# Creating a product to cater to your needs



## Paintguy17 (Nov 15, 2016)

hey everyone,
we are from the University of Calgary, my team and i are hoping to create a product that caters to your needs. Our potential product is an arm band that can be customized to suit your needs on the job. What kinds of things would you like to see on it? What tools would you like easily accessible on your arms?

Any suggestions or feedback would be greatly appreciated,:thumbsup:

Thank you!


----------



## Painting Practice (Jul 21, 2013)

An extra arm.


----------



## PRC (Aug 28, 2014)

......


----------



## DeanV (Apr 18, 2007)

It could be a great idea, but I am having a hard time visualizing that not being in the way compared to pockets on painters pants, something to clip on your waist belt, etc. 

We tend to carry things like putty knives, screwdrivers, utility knife, etc in the size range that would work to put on an arm band. Remember that painters are constantly moving both arms when using a brush or rolling and how that may affect design requirements.


----------



## Jmayspaint (Mar 26, 2013)

Putty knives and/or 5 in 1, razor knife, duster brush, sandpaper, screwdrivers is my basic kit. Need to have all that stuff on you and immediately accessible at all times. 

Not sure about the arm band thing though. Pockets on painters pants do have their drawbacks, and I've experimented with tool belts some lately. But I don't know that I could get used to carrying the weight of even small hand tools on my arm. 

Who knows though, I would give it a try. 


Sent from my iPhone using Tapatalk


----------



## DeanV (Apr 18, 2007)

All the tools I need (not really, but I do use it a lot):

http://www.niteize.com/product/DoohicKey-6x-Key-Tool.asp


----------



## ridesarize (Jun 19, 2012)

It would have to hold small tools, like driver bits, allens, mini screw drivers. Don't know what else you would expect to put on the arm. I think they already have wallets for the arm. Carpenters have more need than painters for tool carriers, but they can put their pencils behind their ears.


----------



## chrisn (Jul 15, 2007)

Some kind of tool for painting dental moulding


----------



## Jmayspaint (Mar 26, 2013)

chrisn said:


> Some kind of tool for painting dental moulding




I got just the thing,










:lame:  


Sent from my iPhone using Tapatalk


----------



## RH (Sep 7, 2010)

I don't know, to me it seems that any extra weight on your arms while engaged in a repetitive motion activity like painting seems like a good way to add additional stress to the impacted joints. You may not feel it for a time, maybe even a long time, but eventually... Just the opinion of someone who's still painting at 63 and feeling it.


----------



## CApainter (Jun 29, 2007)

You'd be better off designing a tool vest. It would help preserve your T-shirt from paint spatter, supply plenty of pockets, and look awesome with your club's logo and rocker on the back.


----------



## Wildbill7145 (Apr 30, 2014)

CApainter said:


> You'd be better off designing a tool vest. It would help preserve your T-shirt from paint spatter, supply plenty of pockets, and look awesome with your club's logo and rocker on the back.

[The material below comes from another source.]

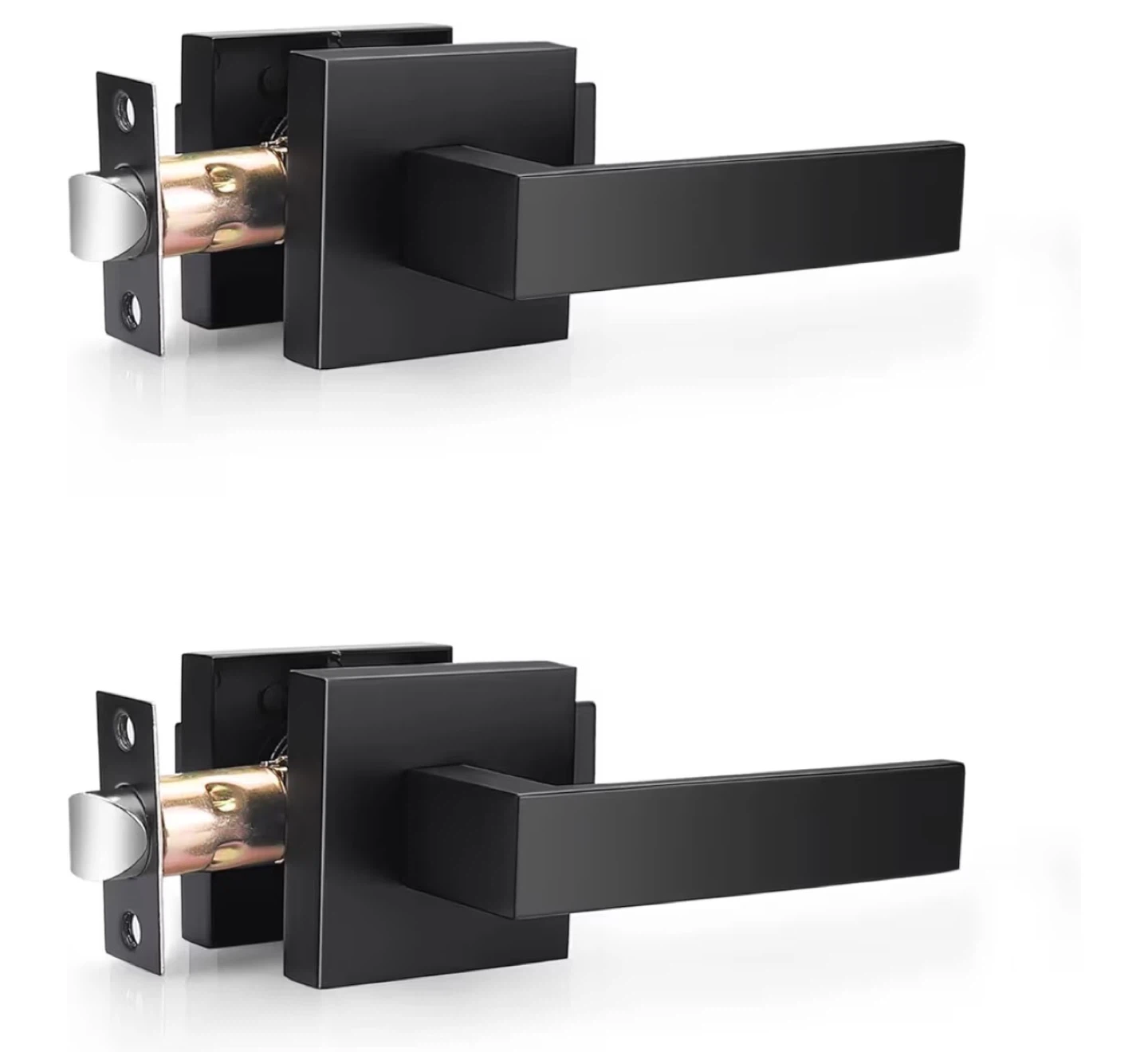 Set of 2 Black Square Door Levers with Latches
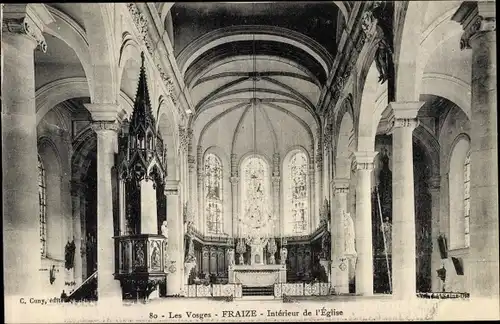 Ak Fraize Vosges, Intérieur de l'Église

Add refreezable ice packs for core temperature cooling during those hot summer months while doing exteriors. A friend of mine who works at the nuclear power plant suggested I get one a few years back during a serious heat wave. They were making all outdoor workers wear them at that time.

The cost was around $300!


----------



## CApainter (Jun 29, 2007)

Wildbill7145 said:


> Add refreezable ice packs for core temperature cooling during those hot summer months while doing exteriors. A friend of mine who works at the nuclear power plant suggested I get one a few years back during a serious heat wave.
> 
> The cost was around $300!


Get the Kevlar upgrade for less than desirable neighborhoods.


----------



## Wildbill7145 (Apr 30, 2014)

CApainter said:


> Get the Kevlar upgrade for less than desirable neighborhoods.

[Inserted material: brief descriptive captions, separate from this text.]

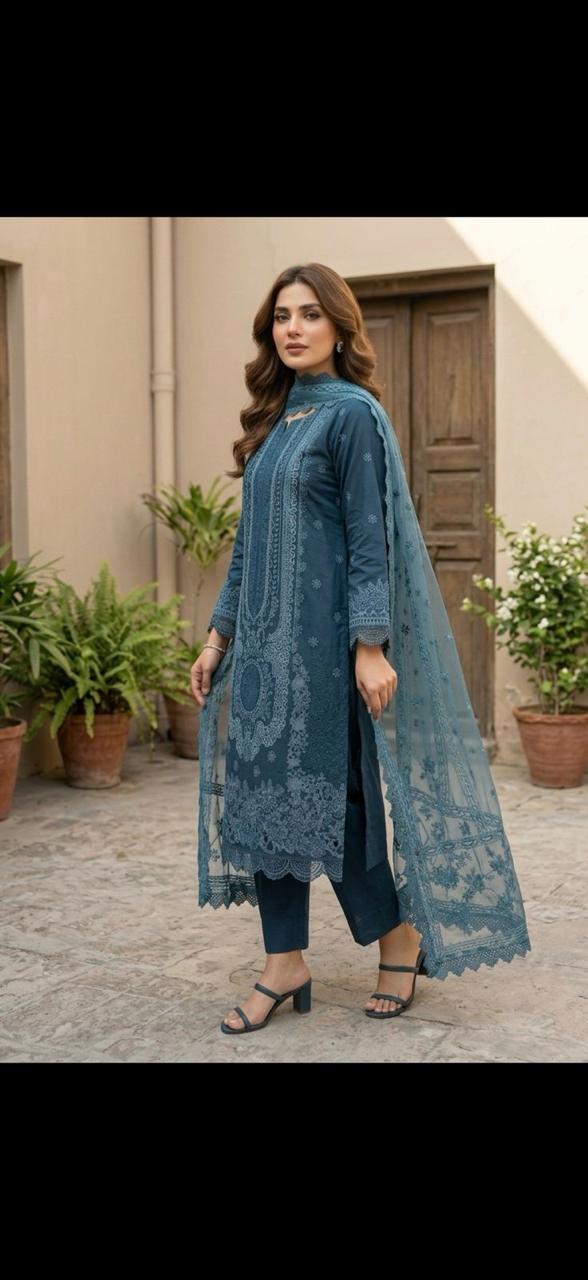 Mirha's Collection By Nida | 3-Piece Embroidered Lawn Suit with Cotton Net Dupatta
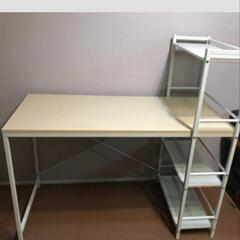 収納ラック付きデスク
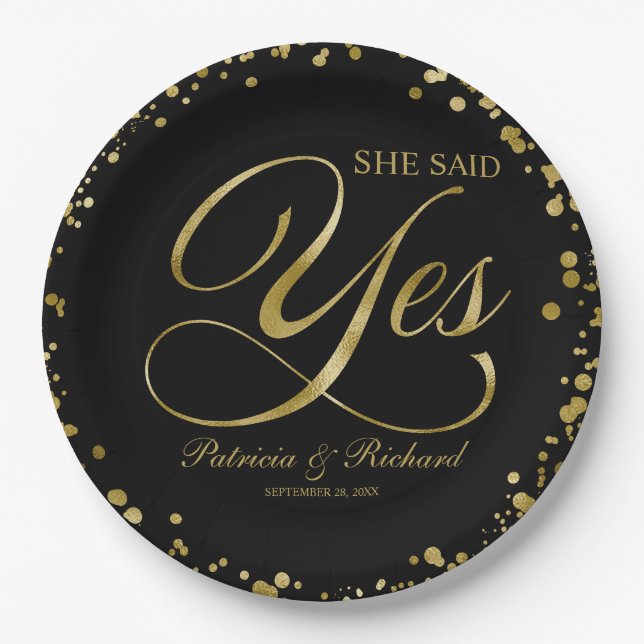 Black Gold She Said Yes Engagement Party Paper Plate (Front)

Or for us more rural folks, during hunting season. Although I'm not sure a kevlar vest will stop a .308.


----------



## ridesarize (Jun 19, 2012)

Wildbill7145 said:


> Or for us more rural folks, during hunting season. Although I'm not sure a kevlar vest will stop a .308.

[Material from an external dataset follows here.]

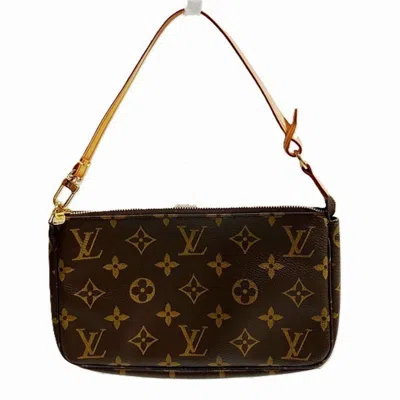 Pre-owned Louis Vuitton Pochette Accessoire Canvas Clutch Bag () In Brown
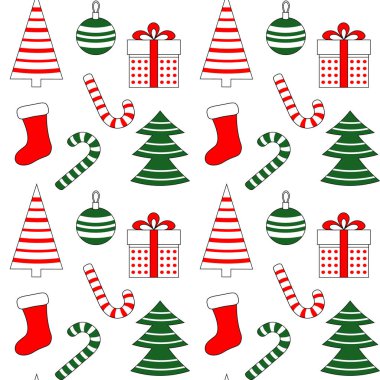 Noel ağacı şekilli dekoratif ve süsleme vektörü çizimi beyaz arkaplanda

You got a lot of bad shots around there?


----------



## Wildbill7145 (Apr 30, 2014)

ridesarize said:


> You got a lot of bad shots around there?


I strongly suspect most have consumed a LOT of beer during their hunting expeditions. However, I shut down exterior season well over a month ago so it doesn't matter to me but I did see some guys painting outside today. Decent size job. Overnight temps are going below freezing on the weekend. You just can't beat the stupid out of some people.

Come to think of it, I think regular hunting season ended on Friday and now we're in black powder season for a few weeks. After that it's bow hunting until around Christmas.


----------



## futtyos (Aug 11, 2013)

*Jackson Pollock*



CApainter said:


> You'd be better off designing a tool vest. It would help preserve your T-shirt from paint spatter, supply plenty of pockets, and look awesome with your club's logo and rocker on the back.


I need one of these so I can wipe paint off onto it instead of my shirt.

futtyos


----------



## CApainter (Jun 29, 2007)

I may get one of these. I prefer it over an arm band.


----------



## Holdenholden (Feb 6, 2018)

Calgary Painter here, props to trying to come up with a useful tool holder. But like others have said something on your arms would be more bother some than anything. Look up armed workwear painters pants. They went out of business a few years ago but their pants are the best and a person could make money re vamping their ideas into another brand 


Sent from my iPhone using Tapatalk


----------



## Brushman4 (Oct 18, 2014)

Painting Practice said:


> An extra arm.


I always said when someone asked me to do more than was possible, I only have three hands!


----------



## Brushman4 (Oct 18, 2014)

CApainter said:


> You'd be better off designing a tool vest. It would help preserve your T-shirt from paint spatter, supply plenty of pockets, and look awesome with your club's logo and rocker on the back.


Just buy these Craftsman painters whites, paint just slides off
http://www.sears.com/craftsman-men-s-painter-pants-with-teflon-fabric-protection/p-041VA74052612P!


----------



## RH (Sep 7, 2010)

Holdenholden said:


> Calgary Painter here, props to trying to come up with a useful tool holder. But like others have said something on your arms would be more bother some than anything. Look up armed workwear painters pants. They went out of business a few years ago but their pants are the best and a person could make money re vamping their ideas into another brand
> 
> 
> Sent from my iPhone using Tapatalk



Just a heads up, the original question in this thread was posted in November of 2016. Some older threads hold up to being revived, others, not so much.


----------



## CApainter (Jun 29, 2007)

Brushman4 said:


> Just buy these Craftsman painters whites, paint just slides off
> http://www.sears.com/craftsman-men-s-painter-pants-with-teflon-fabric-protection/p-041VA74052612P!


I'll tell you what, I really do like the vest! I'm going to seek one out and report back my review.


----------